In the Department of Justice’s Evaluation of Corporate Compliance Programs, Prong 8 Incentive and Disciplinary Measures it states: Incentive System Consistent Application – Have the disciplinary actions and incentives been fairly and consistently applied across the organization? In the FCPA Corporate Enforcement Policy it states, “Appropriate discipline of employees, including those identified by the company as responsible for the misconduct, either through direct participation or failure in oversight, as well as those with supervisory authority over the area in which the criminal conduct occurred”.

Under Hallmark Six of the Ten Hallmarks of an Effective Compliance Program it states:

In addition to evaluating the design and implementation of a compliance program throughout an organization, enforcement of that program is fundamental to its effectiveness. A compliance program should apply from the board room to the supply room—no one should be beyond its reach. DOJ and SEC will thus consider whether, when enforcing a compliance program, a company has appropriate and clear disciplinary procedures, whether those procedures are applied reliably and promptly, and whether they are commensurate with the violation. Many companies have found that publicizing disciplinary actions internally, where appropriate under local law, can have an important deterrent effect, demonstrating that unethical and unlawful actions have swift and sure consequences.

However, I believe that the 2012 FCPA Guidance’s best practices are more active than the ‘stick’ of employee discipline to make a compliance program effective and I believe that it also requires a ‘carrot’. This requirement is codified in the US Sentencing Guidelines with the following language, “The organization’s compliance and ethics program shall be promoted and enforced consistently throughout the organization through (A) appropriate incentives to perform in accordance with the compliance and ethics program; and (B) appropriate disciplinary measures for engaging in criminal conduct and for failing to take reasonable steps to prevent or detect criminal conduct.”

One of the areas which Human Resources can operationalize your compliance program is to ensure that discipline is handed out fairly across an organization and to those employees who integrate such ethical and compliant behavior into their individual work practices going forward. This is more than financial incentives for ethical behavior but institutional objectivity for your employees.

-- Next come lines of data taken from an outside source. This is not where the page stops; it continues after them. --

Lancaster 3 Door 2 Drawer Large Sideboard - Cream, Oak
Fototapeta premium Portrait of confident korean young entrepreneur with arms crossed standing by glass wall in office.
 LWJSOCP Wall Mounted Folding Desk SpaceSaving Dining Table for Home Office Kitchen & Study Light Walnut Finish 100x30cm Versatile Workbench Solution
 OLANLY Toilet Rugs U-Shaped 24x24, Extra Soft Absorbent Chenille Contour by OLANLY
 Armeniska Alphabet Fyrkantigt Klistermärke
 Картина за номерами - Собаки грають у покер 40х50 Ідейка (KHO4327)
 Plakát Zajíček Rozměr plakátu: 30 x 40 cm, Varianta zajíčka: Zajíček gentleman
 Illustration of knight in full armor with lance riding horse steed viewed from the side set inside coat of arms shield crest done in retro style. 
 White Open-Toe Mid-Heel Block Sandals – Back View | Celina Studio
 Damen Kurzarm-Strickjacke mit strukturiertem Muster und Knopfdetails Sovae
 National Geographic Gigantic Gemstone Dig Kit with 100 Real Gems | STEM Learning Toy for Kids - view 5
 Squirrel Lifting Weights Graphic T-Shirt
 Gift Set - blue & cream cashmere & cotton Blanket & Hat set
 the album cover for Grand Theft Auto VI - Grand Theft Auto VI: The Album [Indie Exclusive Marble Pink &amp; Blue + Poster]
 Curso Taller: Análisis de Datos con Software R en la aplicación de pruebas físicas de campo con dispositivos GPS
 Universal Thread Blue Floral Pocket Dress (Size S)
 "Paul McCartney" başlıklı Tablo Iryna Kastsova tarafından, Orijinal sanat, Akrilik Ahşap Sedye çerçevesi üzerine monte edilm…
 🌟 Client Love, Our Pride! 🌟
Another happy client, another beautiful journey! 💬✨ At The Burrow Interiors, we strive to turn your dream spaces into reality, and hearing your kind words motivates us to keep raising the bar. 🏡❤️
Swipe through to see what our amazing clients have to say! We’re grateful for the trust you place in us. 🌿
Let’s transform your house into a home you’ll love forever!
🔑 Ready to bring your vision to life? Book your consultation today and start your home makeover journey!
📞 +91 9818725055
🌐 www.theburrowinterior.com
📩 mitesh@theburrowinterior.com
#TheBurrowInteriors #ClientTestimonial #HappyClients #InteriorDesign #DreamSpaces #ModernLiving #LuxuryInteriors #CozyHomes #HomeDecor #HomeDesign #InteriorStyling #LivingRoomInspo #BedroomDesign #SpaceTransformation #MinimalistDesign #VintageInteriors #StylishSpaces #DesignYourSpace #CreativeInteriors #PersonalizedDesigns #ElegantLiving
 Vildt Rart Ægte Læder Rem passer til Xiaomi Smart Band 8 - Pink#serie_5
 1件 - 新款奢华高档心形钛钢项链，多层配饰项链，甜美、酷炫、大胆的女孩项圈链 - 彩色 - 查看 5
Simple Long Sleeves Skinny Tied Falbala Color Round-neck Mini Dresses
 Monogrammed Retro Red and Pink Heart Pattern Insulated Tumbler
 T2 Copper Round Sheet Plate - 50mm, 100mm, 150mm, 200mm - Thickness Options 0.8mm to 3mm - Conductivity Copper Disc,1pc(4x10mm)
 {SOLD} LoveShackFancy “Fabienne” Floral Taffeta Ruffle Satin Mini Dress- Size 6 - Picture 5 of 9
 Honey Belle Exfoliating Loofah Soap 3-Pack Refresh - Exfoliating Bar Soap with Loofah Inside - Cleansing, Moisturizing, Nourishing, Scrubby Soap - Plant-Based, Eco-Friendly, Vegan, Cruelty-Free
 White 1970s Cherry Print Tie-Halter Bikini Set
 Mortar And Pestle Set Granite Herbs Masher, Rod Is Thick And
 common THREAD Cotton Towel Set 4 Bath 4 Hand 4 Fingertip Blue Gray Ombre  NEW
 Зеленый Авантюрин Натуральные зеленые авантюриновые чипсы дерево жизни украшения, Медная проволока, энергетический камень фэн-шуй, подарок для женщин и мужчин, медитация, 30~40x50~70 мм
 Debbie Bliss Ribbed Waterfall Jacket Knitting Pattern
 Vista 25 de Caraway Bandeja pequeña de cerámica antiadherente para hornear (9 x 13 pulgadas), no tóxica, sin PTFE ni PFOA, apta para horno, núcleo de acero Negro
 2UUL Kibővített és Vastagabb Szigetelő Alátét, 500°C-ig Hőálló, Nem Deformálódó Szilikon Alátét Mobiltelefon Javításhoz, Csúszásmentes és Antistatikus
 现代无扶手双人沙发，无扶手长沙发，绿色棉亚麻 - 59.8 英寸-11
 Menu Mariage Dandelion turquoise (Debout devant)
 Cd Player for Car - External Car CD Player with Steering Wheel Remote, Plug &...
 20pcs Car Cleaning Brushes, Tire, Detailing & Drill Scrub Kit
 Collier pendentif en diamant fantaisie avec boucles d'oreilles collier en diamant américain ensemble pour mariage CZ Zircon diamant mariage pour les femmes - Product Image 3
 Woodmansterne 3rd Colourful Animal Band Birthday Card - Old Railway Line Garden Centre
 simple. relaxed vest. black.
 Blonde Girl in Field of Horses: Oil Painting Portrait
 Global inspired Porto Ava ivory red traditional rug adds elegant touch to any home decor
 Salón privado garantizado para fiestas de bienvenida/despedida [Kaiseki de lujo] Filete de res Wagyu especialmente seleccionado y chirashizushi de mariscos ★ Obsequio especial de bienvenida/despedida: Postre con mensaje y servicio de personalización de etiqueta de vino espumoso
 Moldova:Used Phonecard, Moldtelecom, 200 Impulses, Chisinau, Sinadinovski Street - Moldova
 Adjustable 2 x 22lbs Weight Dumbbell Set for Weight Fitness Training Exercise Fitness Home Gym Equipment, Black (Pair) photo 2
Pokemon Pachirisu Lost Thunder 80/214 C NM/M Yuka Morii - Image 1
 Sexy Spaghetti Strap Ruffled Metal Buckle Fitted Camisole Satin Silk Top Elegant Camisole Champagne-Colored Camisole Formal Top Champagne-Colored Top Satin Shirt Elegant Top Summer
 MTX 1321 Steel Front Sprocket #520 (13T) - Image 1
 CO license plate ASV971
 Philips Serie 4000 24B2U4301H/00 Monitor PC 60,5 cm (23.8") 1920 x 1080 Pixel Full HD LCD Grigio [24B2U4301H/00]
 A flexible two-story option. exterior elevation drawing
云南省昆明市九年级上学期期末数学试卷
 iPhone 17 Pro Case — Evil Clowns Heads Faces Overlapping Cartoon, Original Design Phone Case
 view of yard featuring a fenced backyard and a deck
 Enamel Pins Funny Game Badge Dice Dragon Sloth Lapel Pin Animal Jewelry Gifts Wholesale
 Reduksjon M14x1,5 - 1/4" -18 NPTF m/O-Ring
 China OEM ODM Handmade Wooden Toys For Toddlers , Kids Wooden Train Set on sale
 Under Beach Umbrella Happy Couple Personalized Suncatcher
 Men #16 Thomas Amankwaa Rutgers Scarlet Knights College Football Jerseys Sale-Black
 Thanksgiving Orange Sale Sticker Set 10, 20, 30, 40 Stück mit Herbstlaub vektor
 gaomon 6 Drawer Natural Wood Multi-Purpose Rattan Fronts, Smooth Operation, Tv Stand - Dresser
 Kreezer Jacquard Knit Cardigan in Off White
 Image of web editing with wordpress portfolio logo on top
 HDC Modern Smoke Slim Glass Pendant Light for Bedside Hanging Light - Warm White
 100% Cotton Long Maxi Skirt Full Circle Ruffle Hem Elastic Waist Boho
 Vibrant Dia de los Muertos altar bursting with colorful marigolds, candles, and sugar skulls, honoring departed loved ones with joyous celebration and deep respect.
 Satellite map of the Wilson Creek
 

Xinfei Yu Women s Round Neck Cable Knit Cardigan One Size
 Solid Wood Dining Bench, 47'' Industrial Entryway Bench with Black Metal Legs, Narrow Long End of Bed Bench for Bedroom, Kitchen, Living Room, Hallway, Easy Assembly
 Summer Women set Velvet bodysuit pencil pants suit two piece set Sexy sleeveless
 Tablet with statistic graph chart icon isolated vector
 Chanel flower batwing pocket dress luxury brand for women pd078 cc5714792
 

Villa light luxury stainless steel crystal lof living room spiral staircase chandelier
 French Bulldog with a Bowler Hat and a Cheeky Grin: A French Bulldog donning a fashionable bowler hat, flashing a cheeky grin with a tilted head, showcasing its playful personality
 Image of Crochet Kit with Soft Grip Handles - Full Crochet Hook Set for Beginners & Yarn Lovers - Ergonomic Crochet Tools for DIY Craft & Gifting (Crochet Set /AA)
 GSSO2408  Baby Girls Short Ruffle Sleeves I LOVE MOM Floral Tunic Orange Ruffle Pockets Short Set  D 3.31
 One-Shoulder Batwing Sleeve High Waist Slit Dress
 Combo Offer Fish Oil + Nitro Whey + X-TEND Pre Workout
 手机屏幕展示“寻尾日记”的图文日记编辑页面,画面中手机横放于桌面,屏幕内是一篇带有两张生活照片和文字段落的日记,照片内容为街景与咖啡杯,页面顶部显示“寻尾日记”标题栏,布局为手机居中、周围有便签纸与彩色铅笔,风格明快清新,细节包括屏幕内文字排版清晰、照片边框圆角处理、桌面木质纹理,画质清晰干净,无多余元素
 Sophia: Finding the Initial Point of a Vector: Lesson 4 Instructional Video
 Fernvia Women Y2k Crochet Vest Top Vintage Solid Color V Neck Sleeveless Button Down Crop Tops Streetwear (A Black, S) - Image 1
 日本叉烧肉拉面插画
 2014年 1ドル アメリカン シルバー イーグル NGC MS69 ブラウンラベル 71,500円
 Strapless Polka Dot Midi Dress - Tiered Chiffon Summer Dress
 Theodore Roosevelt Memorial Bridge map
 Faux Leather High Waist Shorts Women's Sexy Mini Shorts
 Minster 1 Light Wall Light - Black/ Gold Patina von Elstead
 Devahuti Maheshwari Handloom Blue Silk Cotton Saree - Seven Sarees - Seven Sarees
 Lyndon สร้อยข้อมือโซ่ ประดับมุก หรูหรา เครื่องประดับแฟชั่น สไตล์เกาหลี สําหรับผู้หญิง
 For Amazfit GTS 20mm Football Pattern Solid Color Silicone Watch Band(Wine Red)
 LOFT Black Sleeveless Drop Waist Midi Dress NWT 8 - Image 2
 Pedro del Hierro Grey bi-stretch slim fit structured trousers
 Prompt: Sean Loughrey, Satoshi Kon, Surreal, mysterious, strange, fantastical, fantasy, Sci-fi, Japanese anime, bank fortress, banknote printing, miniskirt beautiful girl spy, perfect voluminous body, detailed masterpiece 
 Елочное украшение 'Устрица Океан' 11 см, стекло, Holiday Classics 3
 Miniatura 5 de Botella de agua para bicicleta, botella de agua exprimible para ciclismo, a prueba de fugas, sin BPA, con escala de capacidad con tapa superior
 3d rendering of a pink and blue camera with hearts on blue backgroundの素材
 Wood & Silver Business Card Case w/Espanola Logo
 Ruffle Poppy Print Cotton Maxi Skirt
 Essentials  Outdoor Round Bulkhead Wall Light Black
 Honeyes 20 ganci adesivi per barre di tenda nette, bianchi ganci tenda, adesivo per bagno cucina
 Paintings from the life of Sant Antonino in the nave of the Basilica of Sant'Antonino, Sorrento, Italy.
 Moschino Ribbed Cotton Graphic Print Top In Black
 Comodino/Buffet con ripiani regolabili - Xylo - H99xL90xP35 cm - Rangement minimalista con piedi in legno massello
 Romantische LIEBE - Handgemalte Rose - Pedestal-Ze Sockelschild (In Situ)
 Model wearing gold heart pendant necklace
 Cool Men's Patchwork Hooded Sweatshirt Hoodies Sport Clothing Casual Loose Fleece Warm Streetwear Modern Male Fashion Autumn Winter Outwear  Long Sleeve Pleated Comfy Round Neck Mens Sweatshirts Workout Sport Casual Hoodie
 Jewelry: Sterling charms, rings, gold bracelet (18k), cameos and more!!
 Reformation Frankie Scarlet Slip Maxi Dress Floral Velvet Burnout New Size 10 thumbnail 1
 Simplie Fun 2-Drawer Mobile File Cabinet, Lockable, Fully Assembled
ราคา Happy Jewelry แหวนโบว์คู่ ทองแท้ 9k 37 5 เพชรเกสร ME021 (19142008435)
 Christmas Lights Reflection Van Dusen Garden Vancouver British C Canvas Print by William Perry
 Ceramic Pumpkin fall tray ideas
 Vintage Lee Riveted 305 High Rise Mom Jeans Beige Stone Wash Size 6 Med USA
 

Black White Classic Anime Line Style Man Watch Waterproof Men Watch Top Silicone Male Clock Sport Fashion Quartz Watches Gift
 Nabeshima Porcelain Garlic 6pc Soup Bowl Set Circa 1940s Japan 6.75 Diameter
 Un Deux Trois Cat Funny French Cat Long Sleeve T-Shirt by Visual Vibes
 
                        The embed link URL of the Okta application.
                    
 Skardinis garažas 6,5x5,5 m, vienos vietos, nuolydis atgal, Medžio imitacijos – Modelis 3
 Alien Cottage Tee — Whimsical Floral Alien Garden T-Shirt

Institutional objectivity comes from procedural fairness. This is one of the things that will bring credibility to your compliance program. Today it is called the Fair Process Doctrine and this Doctrine generally recognizes that there are fair procedures, not arbitrary ones, in processes involving rights. Considerable research has shown that people are more willing to accept negative, unfavorable, and non-preferred outcomes when they are arrived at by, processes and procedures that are perceived as fair. Adhering to the Fair Process Doctrine in two areas of your Compliance Program is critical for you, as a compliance specialist or for your Compliance Department, to have credibility with the rest of the workforce. Finally, it is yet another way to more fully operationalize your compliance program.

Administration of Discipline

One area where the Fair Process Doctrine is paramount is in the administration of discipline after any compliance related incident. Discipline must not only be administered fairly but it must be administered uniformly across the company for the violation of any compliance policy. Simply put if you are going to fire employees in South America for lying on their expense reports, you have to fire them in North America for the same offense. It cannot matter that the North American employee is a friend of yours or worse yet a ‘high producer’. Failure to administer discipline uniformly will destroy any vestige of credibility that you may have developed.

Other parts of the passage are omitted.